-- Source material follows --

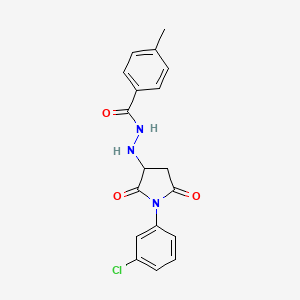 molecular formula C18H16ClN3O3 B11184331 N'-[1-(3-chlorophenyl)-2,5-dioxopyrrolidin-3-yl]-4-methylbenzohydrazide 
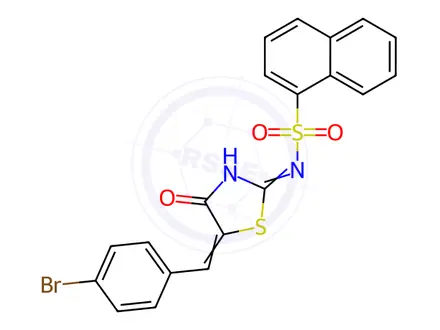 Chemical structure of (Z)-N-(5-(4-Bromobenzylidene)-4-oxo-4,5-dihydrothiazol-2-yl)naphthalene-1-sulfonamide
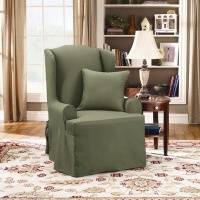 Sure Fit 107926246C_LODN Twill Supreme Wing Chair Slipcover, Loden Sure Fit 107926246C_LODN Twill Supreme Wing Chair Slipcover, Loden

-- Source material concluded --
-- Source material follows --

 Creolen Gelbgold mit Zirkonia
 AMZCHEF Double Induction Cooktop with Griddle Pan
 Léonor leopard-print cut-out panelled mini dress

-- Source material concluded --
-- Source material follows --

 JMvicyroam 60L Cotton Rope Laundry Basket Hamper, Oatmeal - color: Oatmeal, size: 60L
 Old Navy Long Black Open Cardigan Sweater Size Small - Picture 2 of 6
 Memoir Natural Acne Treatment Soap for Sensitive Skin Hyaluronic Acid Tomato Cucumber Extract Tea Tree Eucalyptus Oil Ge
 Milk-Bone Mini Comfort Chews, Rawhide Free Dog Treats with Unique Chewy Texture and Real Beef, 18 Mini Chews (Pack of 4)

-- Source material concluded --

→ Task statement: An exact copy of the lines above between the line holding "JMvicyroam 60L Cotton" and the line holding "Memoir Natural Acne", inclusive, is the whole answer.

→ The answer:
 JMvicyroam 60L Cotton Rope Laundry Basket Hamper, Oatmeal - color: Oatmeal, size: 60L
 Old Navy Long Black Open Cardigan Sweater Size Small - Picture 2 of 6
 Memoir Natural Acne Treatment Soap for Sensitive Skin Hyaluronic Acid Tomato Cucumber Extract Tea Tree Eucalyptus Oil Ge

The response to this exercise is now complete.